Fragmented customer journey is perhaps the biggest challenge retailers are facing. Inspiration, search, discovery, and purchase can happen at different or the same moments across that journey—in-store, web, mobile, social. The key to success lies in connecting the fragmented customer journey.

Customer Journey: Connecting the Fragments


The Dawn of Social eCommerce


As the world moves into a post-COVID environment, the retail scene as we know has changed. We are ‘phygital’, more omnichannel, personalized, mobile, and definitely more social. This means retailers face an even more fragmented customer journey where inspiration, search, discovery, and purchase can happen at different or the same moments across that journey. The challenge for merchants is making themselves present at the right moment with the relevant products to shoppers at the right price. For instance, 73% of retail consumers use multiple channels to shop, and 59% of shoppers use their mobile devices in-store to compare costs or research and coupons. Many retailers today are failing badly to connect the fragmented customer journey. Beyond search and recommendations, fragmentation is probably the next biggest challenge in addressing the customer’s journey.

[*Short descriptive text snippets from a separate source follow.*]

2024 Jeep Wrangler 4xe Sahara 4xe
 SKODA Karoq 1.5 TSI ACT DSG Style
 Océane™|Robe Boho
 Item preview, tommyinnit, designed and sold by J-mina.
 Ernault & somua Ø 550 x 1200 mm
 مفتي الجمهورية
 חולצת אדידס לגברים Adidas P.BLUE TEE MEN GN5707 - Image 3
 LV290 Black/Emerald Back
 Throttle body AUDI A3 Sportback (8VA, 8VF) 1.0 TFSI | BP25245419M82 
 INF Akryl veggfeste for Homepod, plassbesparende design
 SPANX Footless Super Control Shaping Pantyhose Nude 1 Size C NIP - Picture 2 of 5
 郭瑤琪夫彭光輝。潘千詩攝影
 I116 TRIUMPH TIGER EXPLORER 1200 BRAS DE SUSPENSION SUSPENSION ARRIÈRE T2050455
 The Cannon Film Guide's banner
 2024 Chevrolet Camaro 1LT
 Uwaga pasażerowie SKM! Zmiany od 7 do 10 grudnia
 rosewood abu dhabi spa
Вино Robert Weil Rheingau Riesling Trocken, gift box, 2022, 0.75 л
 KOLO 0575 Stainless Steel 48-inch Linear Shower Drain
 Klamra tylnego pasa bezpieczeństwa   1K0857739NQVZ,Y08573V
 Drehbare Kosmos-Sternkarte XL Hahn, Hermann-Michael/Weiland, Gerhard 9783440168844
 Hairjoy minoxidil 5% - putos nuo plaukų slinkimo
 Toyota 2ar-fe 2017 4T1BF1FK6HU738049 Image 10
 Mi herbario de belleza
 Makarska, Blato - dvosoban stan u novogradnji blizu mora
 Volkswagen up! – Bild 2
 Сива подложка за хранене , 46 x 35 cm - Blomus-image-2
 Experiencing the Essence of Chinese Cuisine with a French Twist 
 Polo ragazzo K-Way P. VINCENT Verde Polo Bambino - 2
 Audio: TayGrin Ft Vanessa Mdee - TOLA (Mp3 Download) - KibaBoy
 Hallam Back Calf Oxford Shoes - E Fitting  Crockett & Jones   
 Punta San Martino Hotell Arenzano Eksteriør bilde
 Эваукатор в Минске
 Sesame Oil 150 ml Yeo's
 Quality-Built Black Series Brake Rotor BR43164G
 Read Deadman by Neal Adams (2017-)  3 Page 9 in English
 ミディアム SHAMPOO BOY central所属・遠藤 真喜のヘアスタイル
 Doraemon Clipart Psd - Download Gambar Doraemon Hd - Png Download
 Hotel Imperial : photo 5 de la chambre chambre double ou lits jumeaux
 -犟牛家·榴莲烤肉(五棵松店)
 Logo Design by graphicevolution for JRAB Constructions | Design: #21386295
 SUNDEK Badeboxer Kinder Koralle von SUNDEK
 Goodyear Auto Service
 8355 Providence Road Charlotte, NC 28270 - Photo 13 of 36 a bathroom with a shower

We have seen interest from retailers in exploring more sophisticated types of recommendations, including personalization. It is one of the more proven areas in which AI-powered solutions have been able to make a significant impact, processing voluminous amounts of data generated everyday – from search terms to click and transaction data. For instance, in the world of fashion, where inspiration plays a big part, retailers are using different AI-powered recommendation tools, including visually powered ones, to recommend products with model or influencer-styled images that “complete the look” for an outfit. For home furnishing retailers, it’s a similar “Shop-the-Room” experience to provide not just relevant but thoughtful, helpful recommendations that fit the buyer’s budget and desires.

Gen Z shoppers are the next new group of consumers that retailers cannot ignore. Disruptive and distinctive, Gen Z shoppers are calling for innovations in the shopping and social ecommerce experience. They consume content insatiably from Instagram, Tiktok, and other social platforms, all of which deliver personalized content feeds.

Merchants need to embrace these social ecommerce platforms so that their products can be seen, discovered, and promoted. For instance, Tiktok allows merchants to discover and connect with thousands of creators through their affiliate program and is directly accessible on Tiktok Shop. Tiktok is even testing a “Shop Now” for their influencer videos. While it is still early days, merchants should continue to experiment with targeting this group of consumers across different platforms, utilizing AI-powered tools that uncover and leverage trustworthy user-generated content (UGC) that engage this group of shoppers.